Pero un día no se le ocurre otra cosa que comprarse unos zapatos con una suela de goma especial que hacen que sus pasos sean totalmente silenciosos y consigue llegar a donde está la gente sin que perciban su llegada, sin delatar su presencia.
Así descubre a unos compañeros de trabajo, que sin percatarse de que estaba oyéndoles están criticándole duramente.
Se sorprende mucho, pues jamás había recibido de ellos más que buenas palabras y consideración y respeto por su trabajo y su relación con ellos, no sabe que pensar y aunque triste, sale del trabajo dispuesto a olvidarlo todo en el cobijo de su hogar.
Ya en la calle ve a sus amigos andando delante de él y marcha detrás de ellos para darles alcance sin decir nada, pensando en darles una sorpresa, y se da cuenta de que están hablando de él, no se hace notar y escucha, estupefacto, cómo, sus mejores amigos, los que tanto le querían y que hablaban maravillas de él en su presencia le estaban poniendo a parir.
Se queda petrificado viéndoles alejarse y sumido en una profunda tristeza porque ya no comprende nada.
Él que todo lo había dado por ellos, que siempre estaba desviviéndose para hacerles felices se encontraba parado en medio de la calle, en medio de ninguna parte, en medio de sus sentimientos destrozados, viendo cómo sus amigos se alejaban haciendo chirigotas y críticas descarnadas sobre su persona.
Sin ánimo de seguir adelante decide ir hacia su casa buscando refugio y consuelo a un dolor inconsolable.
Sin fuerzas, hundido, abre la puerta tan quedamente como latía su corazón, no la cierra de golpe, festivo, como siempre, sino despacio como no queriendo hablar con el mundo que se le ha vuelto tan esquivo.
Tampoco saluda con una voz desde la puerta a su mujer y sus hijos, ni dice el sempiterno, ¡familia, ya estoy en casa…!, sino que arrastra sus zapatos, con todo su ser y con su tristeza, por el pasillo.
Empieza a oír la conversación de su mujer y sus hijos y va ralentizando su marcha, la sangre deja de correr por sus venas y va sintiendo un frío en su corazón cuando va comprendiendo lo que están hablando y que su propia familia no hace otra cosa que los demás: ponerle a caldo.
Se trastabilla porque le falta el aliento y tropieza con una cómoda en el pasillo a la que consigue agarrarse para no caer al suelo.

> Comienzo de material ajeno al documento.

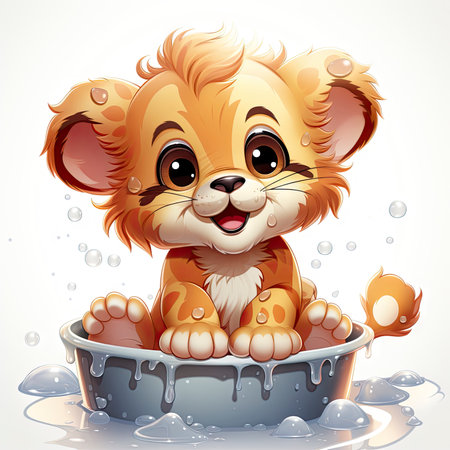 Adorable illustrated lion cub taking a bubbly bath, showing playful innocence and vibrant detailsの素材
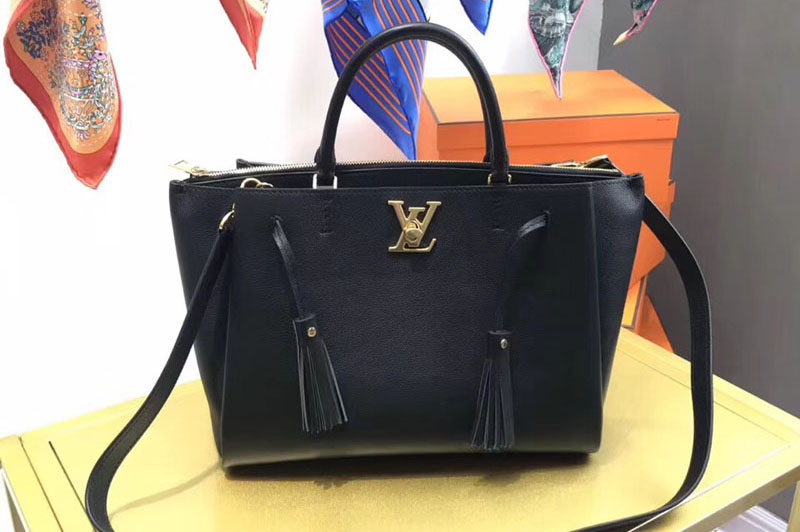 Louis Vuitton M54569 LV lockmeto Lockme Soft calf leather Tote Bags Black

Su mujer y sus hijos, al oír el golpe, salen todo preocupados a ayudarle y contrariamente a lo que estaban hablando se deshacen en atenciones y cariños.
No te habíamos oído llegar, le dicen.
Poco a poco y gracias a las muestras vivas, y sinceras, de preocupación y cuidados nuestro hombre va recuperando el ser y el estar y le confiesa a su mujer que se ha comprado unos zapatos nuevos pero que le hacen mucho, mucho, daño.

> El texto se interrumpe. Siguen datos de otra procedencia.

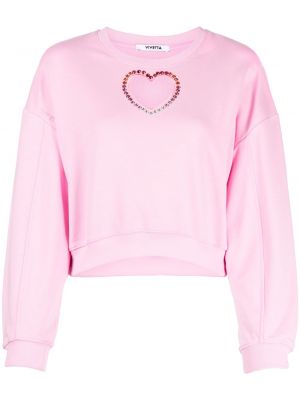 Bavlněný svetr s dlouhými rukávy jersey Vivetta - růžová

Más daño del que puede soportar y que por eso casi se pierde.
Y que los tire, por favor, que no quiere verlos nunca más, que casi acaban con su vida.
Y su vida volvió a ser la que fue, querido y respetado por sus compañeros, amigos y familia.
Con unos zapatos como estos puedes llegar al final del camino de baldosas amarillas, o casi…
Como debe ser. Para qué saber más.
Moraleja: Urbanización cercana a San Sebastián de los Reyes.
Sed felices y haced ruido. Y las cosas porque os apetezca hacerlas, sin esperar nada a cambio. No como yo que escribo para que me leáis.